24. It may be that that was the test that she had in mind in reaching her conclusion at paragraph 68 but, if she did, she reached a conclusion which is plainly unsustainable, namely that these children would suffer more than any other child. It is easy to envisage circumstances, for example, a disabled child living with both parents and requiring 24 hour care, who would suffer more from the deportation of one parent.

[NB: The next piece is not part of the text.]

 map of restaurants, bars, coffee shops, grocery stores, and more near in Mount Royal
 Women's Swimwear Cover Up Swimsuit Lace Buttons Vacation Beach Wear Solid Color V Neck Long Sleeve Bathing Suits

25. In this case, the conclusion that the sibling relationship would be harmed was based on the slimmest of evidence and despite the fact that the two mothers have a civil relationship and talk for the sake of the children. The position of these two children, in this respect, is not uncommon. Further, the evidence was that each child had exhibited a degree of low mood and/or difficult behaviour when the father was in prison and could be expected to do so if he was deported. Again that was not an unusual situation. The impact on the children, if the claimant is deported, is unfortunate and may be harsh, but we do not consider that goes beyond what is necessarily involved in the deportation of a parent so as to meet the test of being "unduly harsh" and we do not consider that the conclusion that it would be unduly harsh was open to the judge on the evidence.
Notice of Decision
We, therefore, allow the Secretary of State's appeal. We remake the decision and dismiss the claimant's appeal from the Secretary of State's decision.
Direction Regarding Anonymity - Rule 14 of the Tribunal Procedure (Upper Tribunal) Rules 2008
Unless and until a Tribunal or court directs otherwise, the claimant is granted anonymity. No report of these proceedings shall directly or indirectly identify him or any member of their family. This direction applies both to the claimant and to the Secretary of State. Failure to comply with this direction could lead to contempt of court proceedings.